Some of his other, er, observations:
- “Get the f–k out of here! Our country, motherf–ker, our country!”
- “Proud f–king American! Made in USA, bitch, made in f–king USA!”
- “Build that f–king wall, for me!”
- “Trump! I love Trump!”
You can watch the whole performance below, in a video that went viral this past week after being posted on Gawker.

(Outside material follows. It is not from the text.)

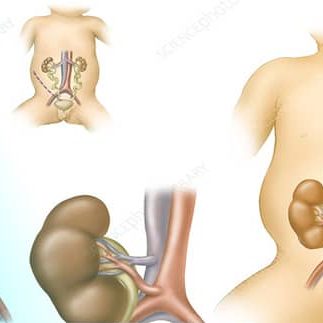 unilateral renal agenesis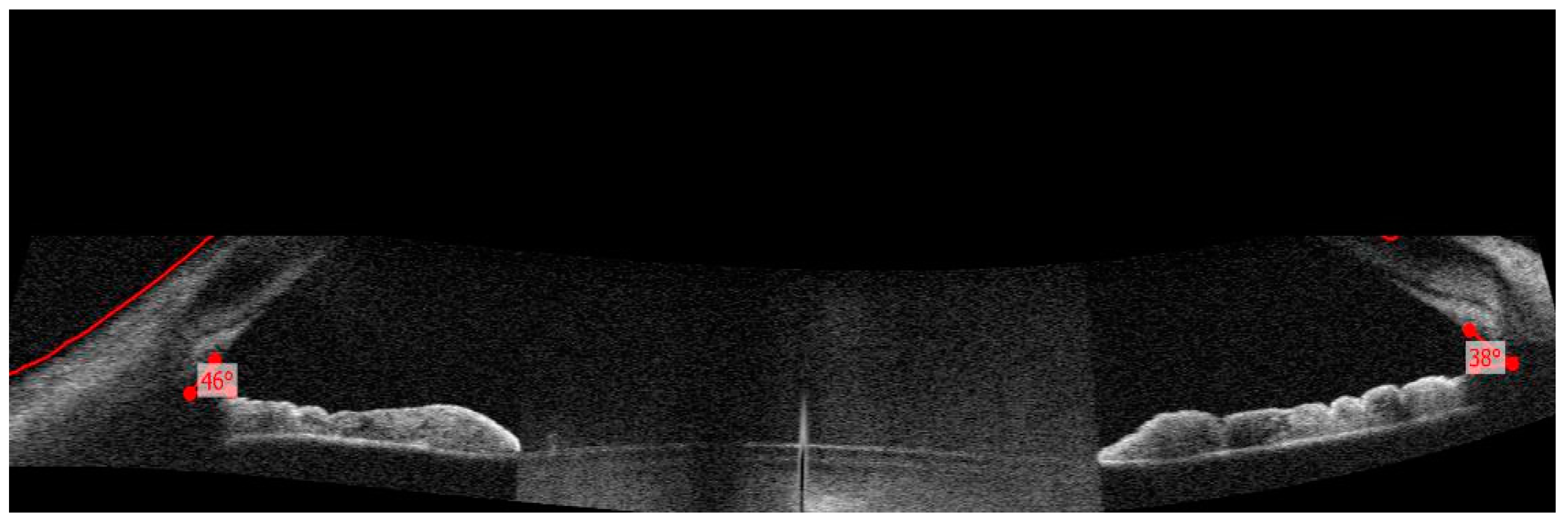 Diagnostics 13 01575 g003 Diagnostics 13 01575 g003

If you pause the video 55 seconds in, you can spot a tattooed number “43” under the arm of the muscular fellow, later identified as Zack Fisher; this just happens to be a favorite symbol of a small but spirited organization called the Supreme White Alliance. You can probably guess what sort of group it is.
Naturally, Fisher has been warmly embraced by some of Trump’s most obnoxiously racist fans.
But before we get to that, let’s hear a bit more from Fisher himself — who explained to The Tab that, why no, he wasn’t a racist at all.
I love all colors. I’m no racist. I am who I am. There’s people out there of all colors that are horrible. Whites, browns, blacks, yellows out there, it doesn’t matter. It’s the color of your heart. …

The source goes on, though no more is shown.